Node.js Proxy Server: Building a Man-in-the-Middle Proxy Detailed Tutorial

Hands-on with Node.js to build a man-in-the-middle proxy

Recently, many friends who do data collection complained to me that the website anti-climbing is getting more and more perverted. In fact, this time the wholeProxy IP Transit StationEspecially useful, like to the crawler to wear a myriad of masks. Today we take Node.js whole job, teach you how to build a man-in-the-middle agent from scratch.

Don't be sloppy with your preparations.

First, make sure that on your computerNode.js version ≥14Don't go through the whole vintage version. It is recommended to use nvm to manage the version, it is convenient to switch up and change clothes. The core of the two modules:http-proxyrespond in singingexpress, and be careful not to misspell the command when you turn the dependency:

npm install express http-proxy --save-dev

Here's a pitfall to be aware of: some tutorials will tell you to an turnrequestmodule, in fact the newer versions of Node.js use the built-inhttpThe module is enough to make it work.

Proxy server three-step construction method

new constructionproxy.jsDocumentation, let's take three steps:

Putting armor on the agent.

It's not enough to just be able to forward, you have to add some protection. We recommend ipipgo.Dynamic IP Pool, their IP survivability is measured to be over 90%. Add a proxy switching logic in the configuration:

const proxyOptions = {
  target: 'target address',
  router: function(req) {
    return ipipgo.getRandomIP() // Get a random premium IP
  }
}

Notice there's arecount (e.g. results of election): ipipgo's API calls should be set at reasonable intervals, so as not to blow up other people's servers. It is recommended to use a timer to change IP every 5-10 seconds.

Common pitfalls QA

Q: What should I do if I can't connect to the agent all the time?
A: First check if the IP is valid with ipipgo'sping detection interface测下。如果返回码是407，八成是认证没做好。
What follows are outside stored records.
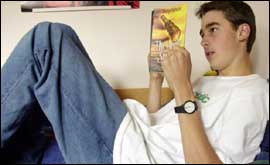 Teen reading a book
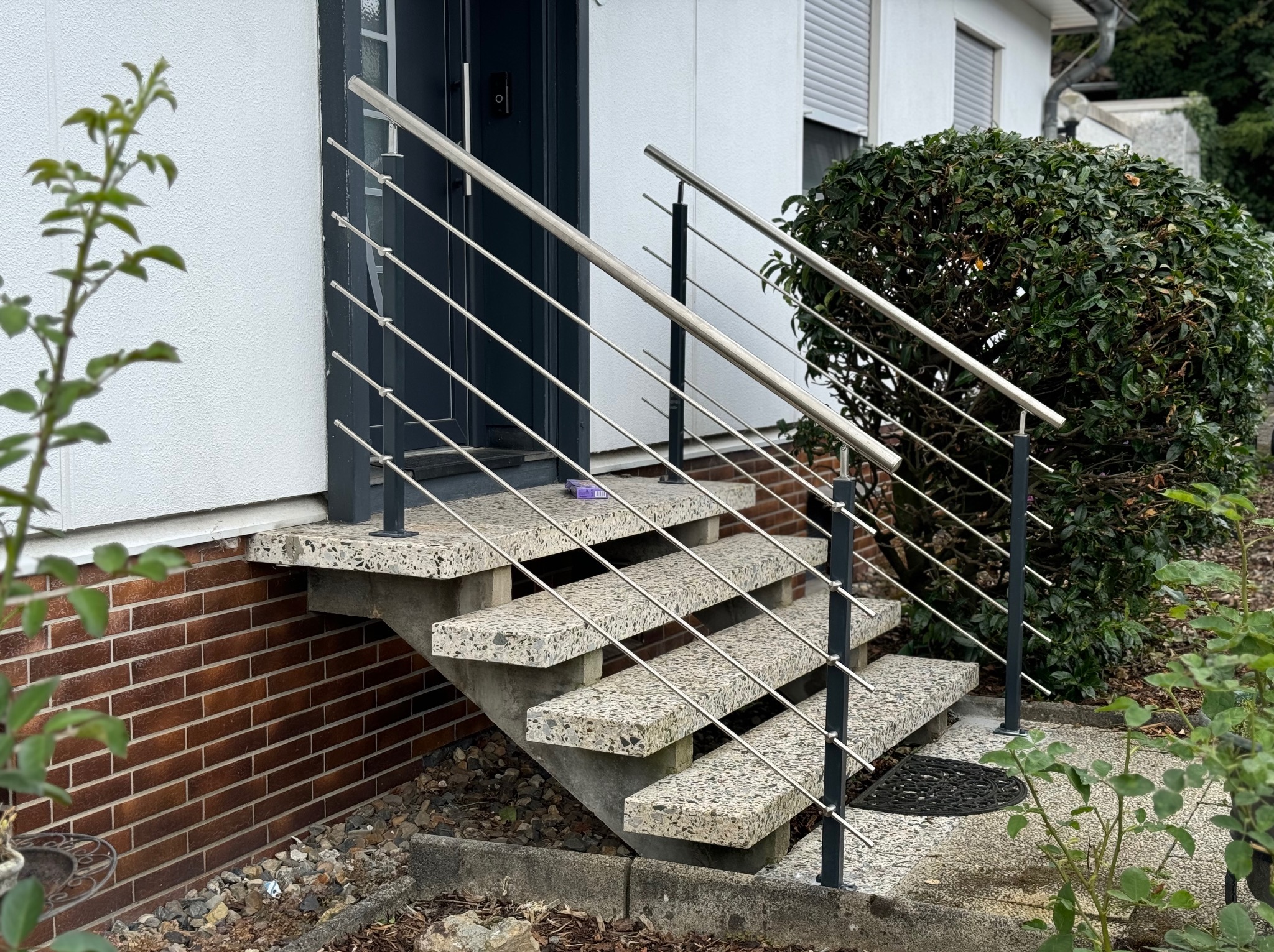 Zewnętrzne schody z lastryko z nowoczesną balustradą ze stali nierdzewnej, prowadzące do ciemnych drzwi wejściowych. Widoczne elementy architektury budynku i roślinność.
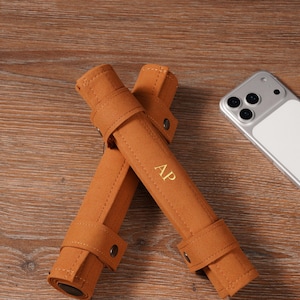 May include: Two brown, rolled felt pen cases with snap closures, each featuring the gold initials "AP". A smartphone with a white back is visible in the background. The cases are on a wooden surface.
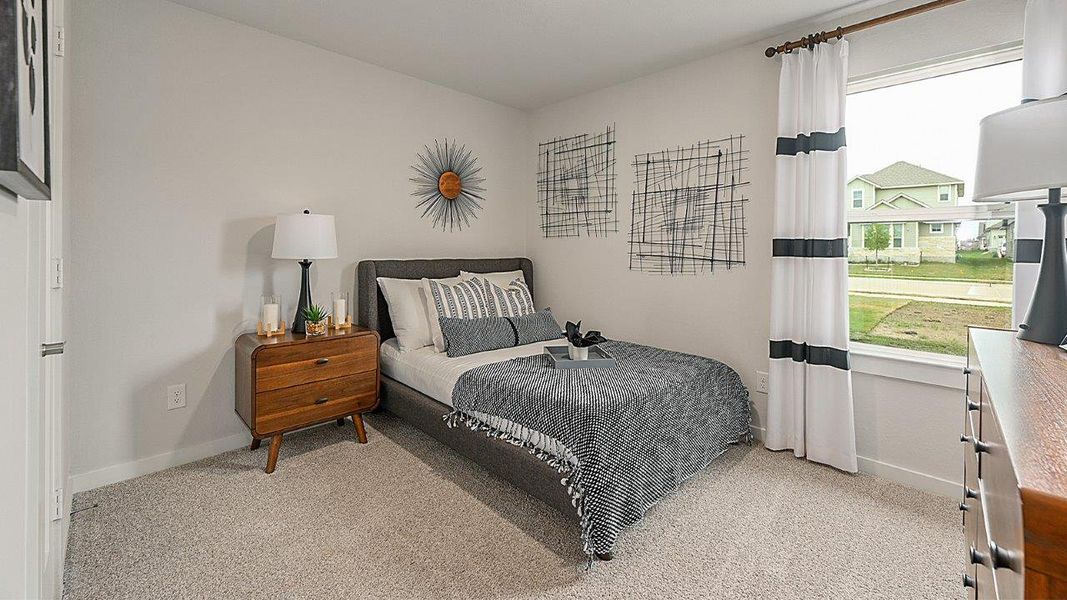 Furnished interior in a model home at Midtown Reserve in College Station (Image 11).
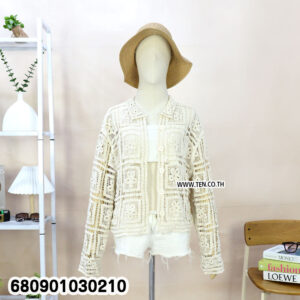 Sleeveless crochet cardigan styled for summer layering, displayed at Ten Design garment shop.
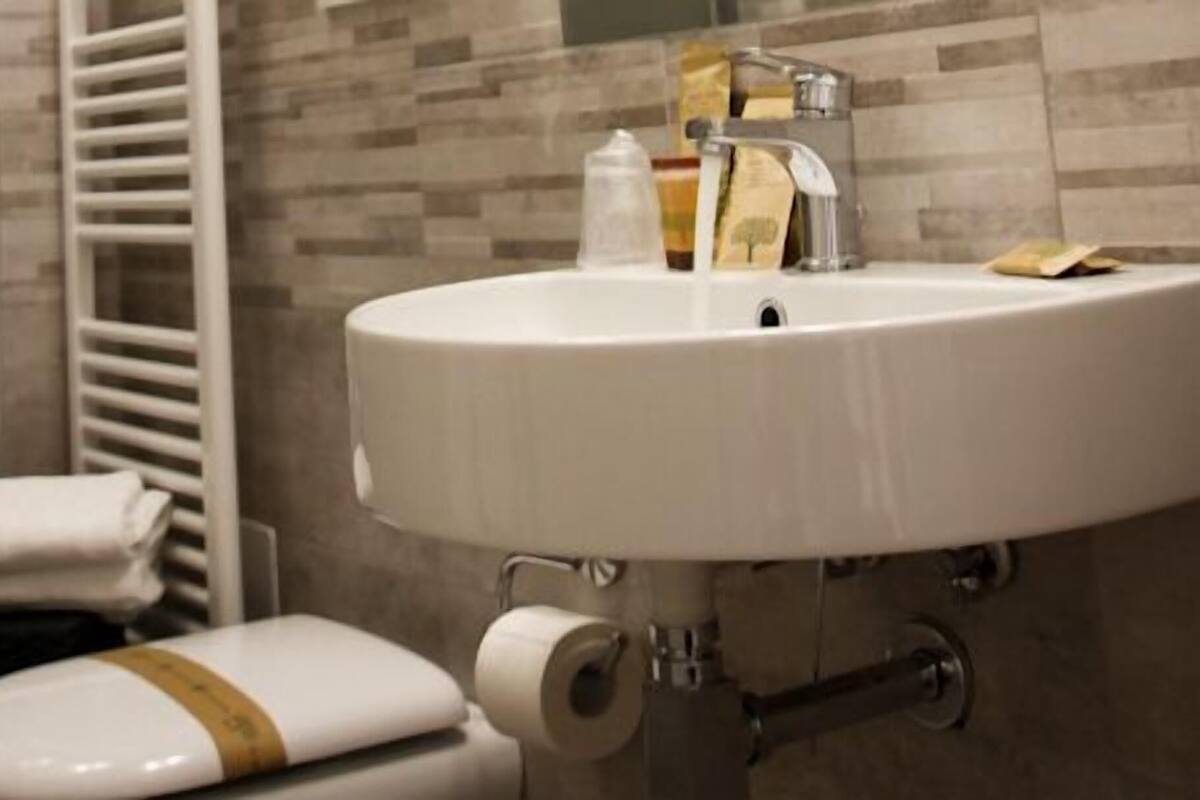 A bathroom with a white sink, toilet, and towel rack.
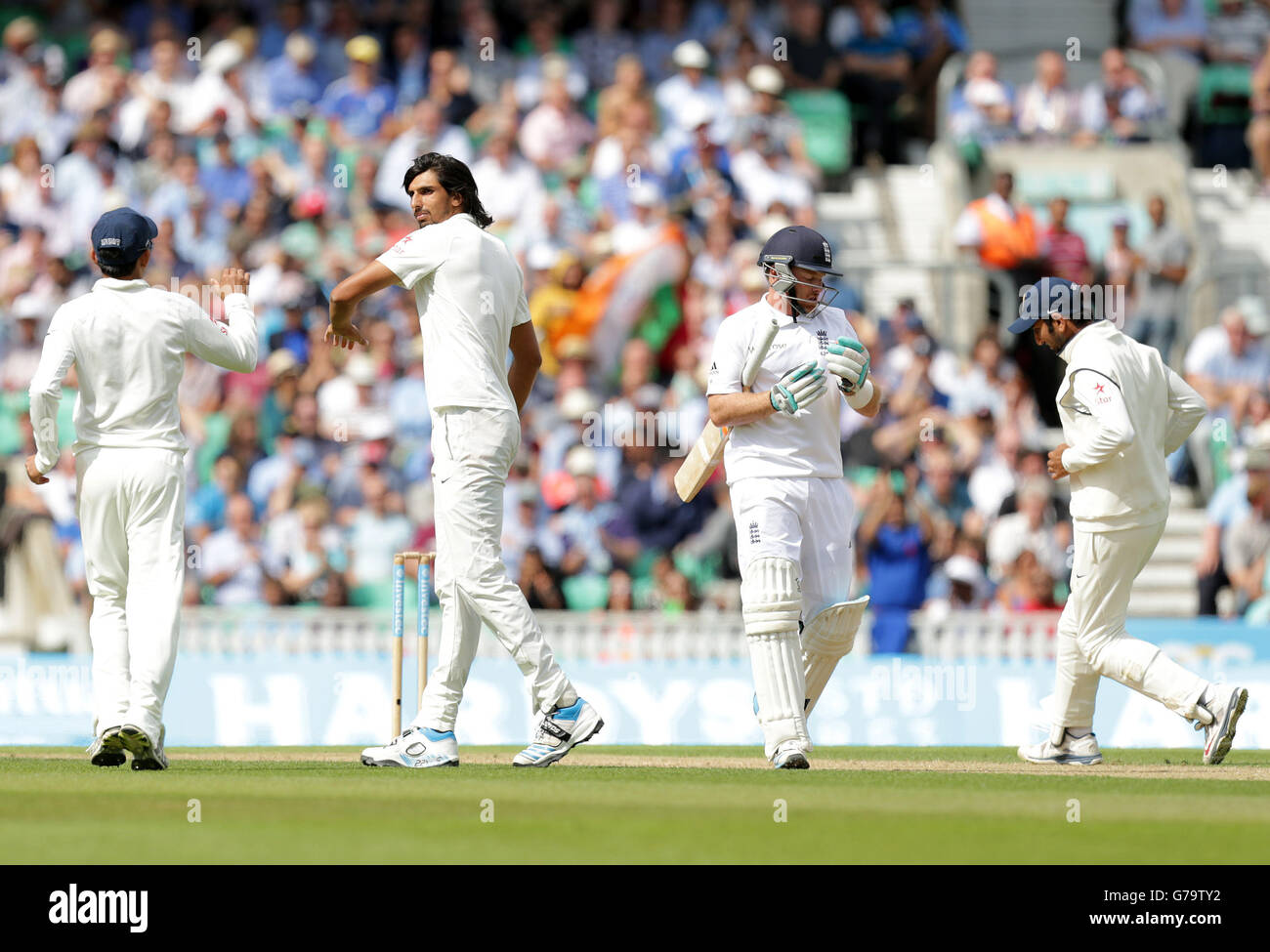 England's Ian Bell loses his wicket to the bowling of India's Ishant Sharma (second from left) during the Fifth Test at The Kia Oval, London. Stock Photo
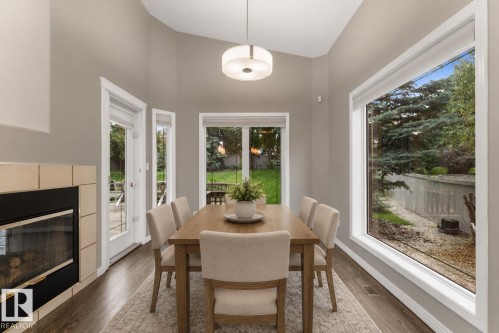 Vaulted ceilings, a fireplace with a tile surround, wood-finish flooring, and multiple windows, including a large picture window - 8 Osborne Close, St. Albert, AB - Indoor Photo Showing Dining Room With Fireplace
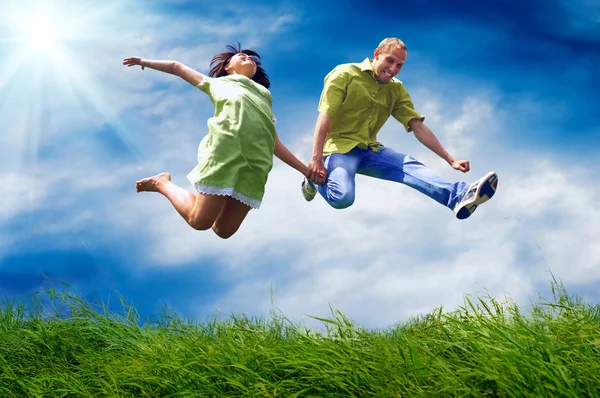 Divertido casal no salto sobre o fundo ao ar livre — Fotografia de Stock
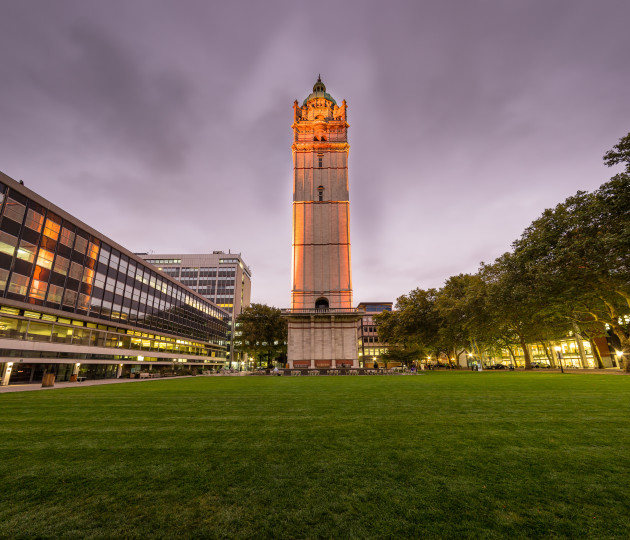 The Imperial Queen's Tower lit up in orange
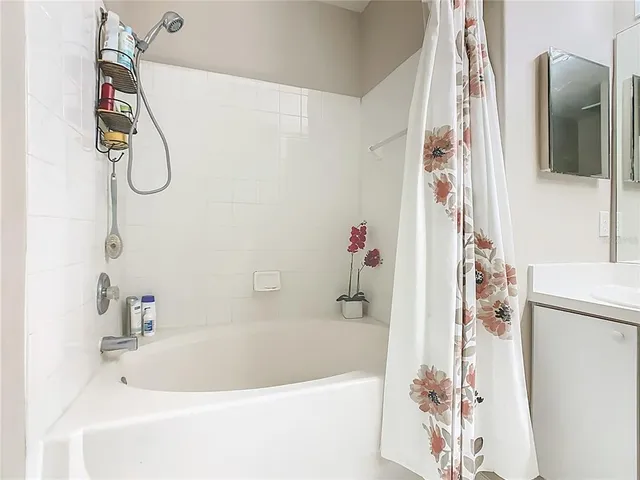 a bathroom with a tub and a shower curtain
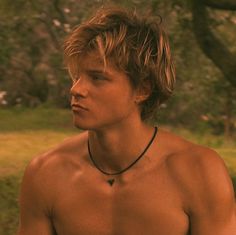 a shirtless young man holding a frisbee in front of his face and looking off into the distance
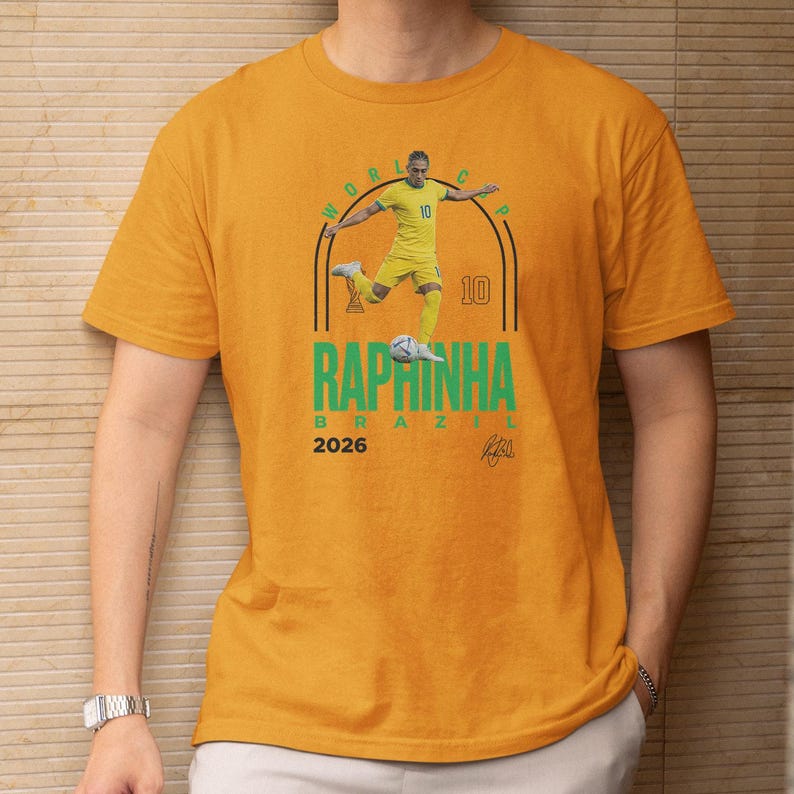 a yellow t-shirt with a graphic design of a soccer player in yellow and green colors, along with the text "RAPINHA BRASIL" and the year "2026".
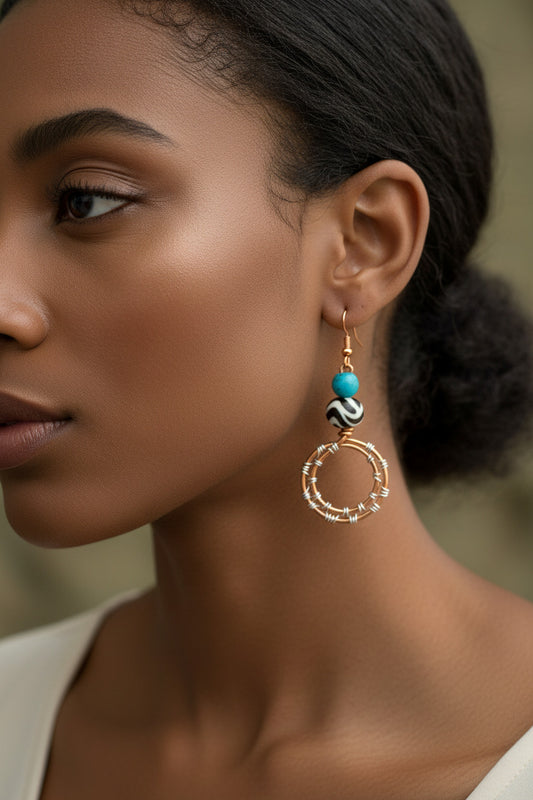 A pair of wire wrapped copper double hoop earrings with bone and larimar agate bead.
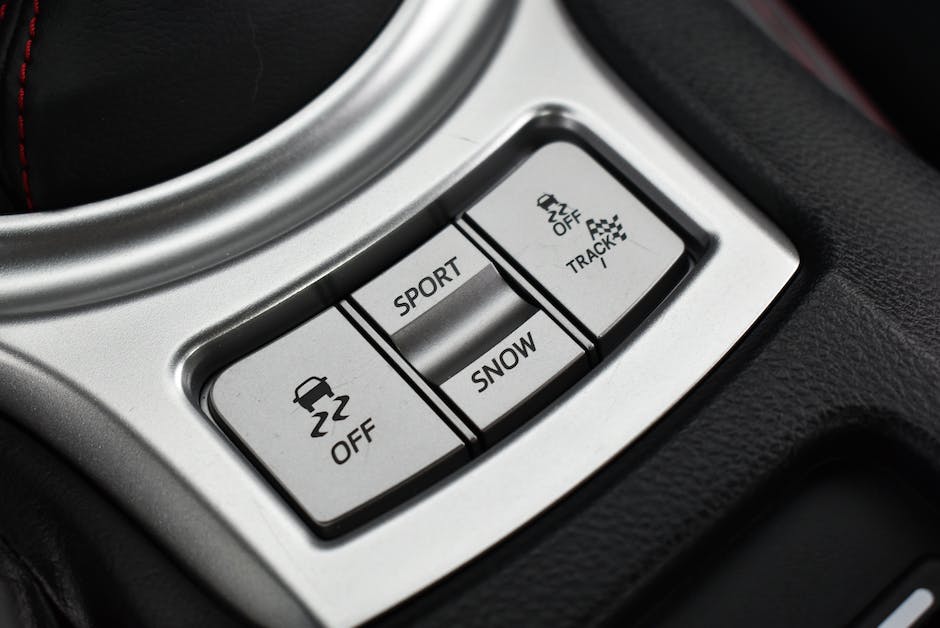 The image shows the dashboard of a GMC Terrain with various control buttons and a touchscreen display.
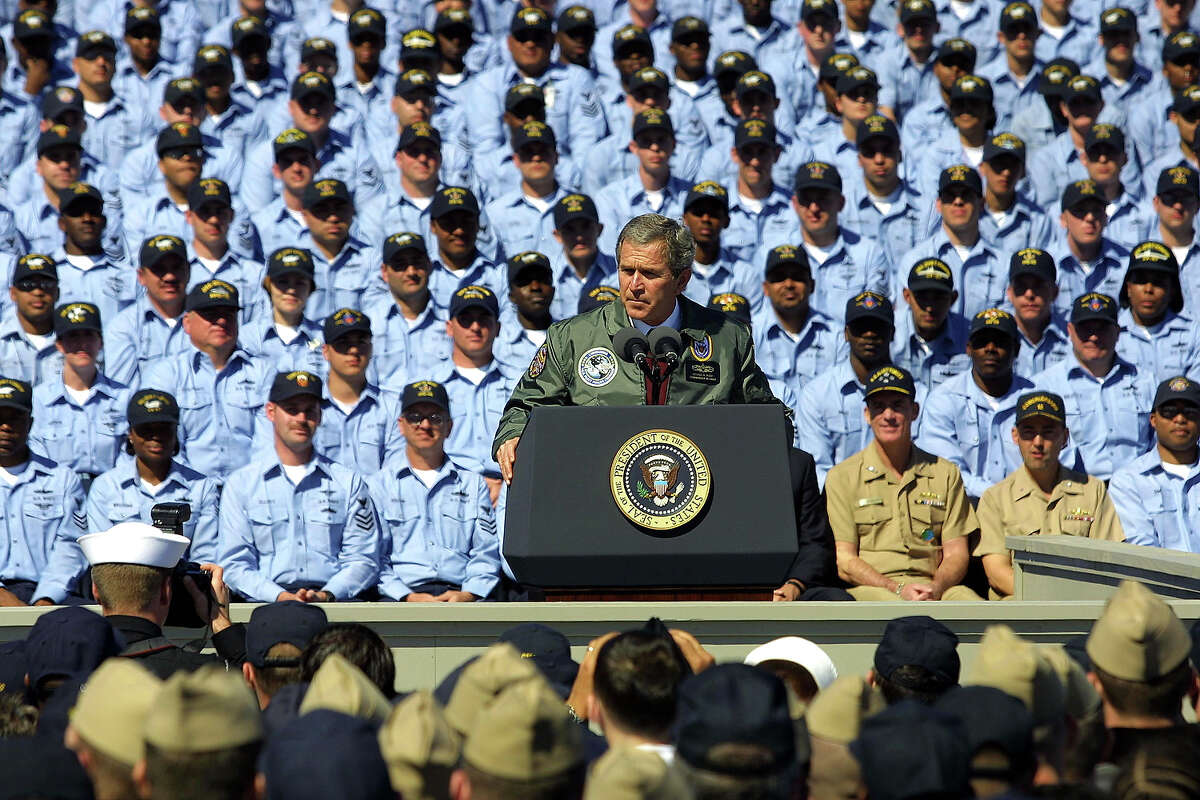 President George W. Bush speaks to approximately 8,000 U.S. sailors at the Naval Station Mayport February 13, 2003 in Jacksonville, Florida. President Bush stated that the U.S. is prepared to win a war with Iraq, should it occur, while urging the United Nations Security Council to enforce demands that Iraqi President Saddam Hussein disarm.
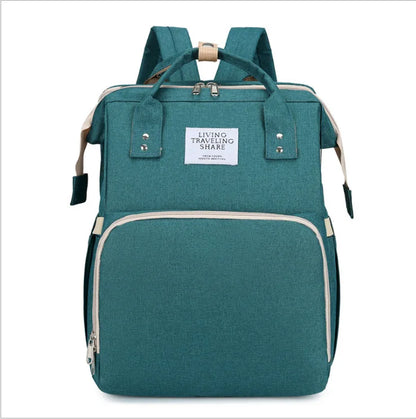 Travel-friendly baby foldable crib backpack with USB charging access and a changing mat.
Q: How do you handle website certificate validation?
A: Add in the configurationsecure: falseSkip SSL validation, though formal certificates are recommended for formal environments.

Q：请求太高怎么办？
A: change ipipgo'sDedicated IP Line, measured more than 3 times faster than shared IP. Remember to set the timeout in the code:

timeout: 5000 // in milliseconds

Performance Optimization Tips

Finally, I'd like to share a few practical tips:

• expense or outlaycluster moduleOpen multiple processes, CPU utilization is directly doubled
• Work with Redis to do IP state caching to reduce API calls
• Don't be lazy about logging, use winston hierarchical logging

The whole package rides down with ipipgo'sHigh Stash IP PoolThe company's technical customer service can also provide customized solutions if they encounter more complex anti-crawling mechanisms. If you encounter more complex anti-climbing mechanism, their technical customer service can also give customized solutions, this point is quite worrying.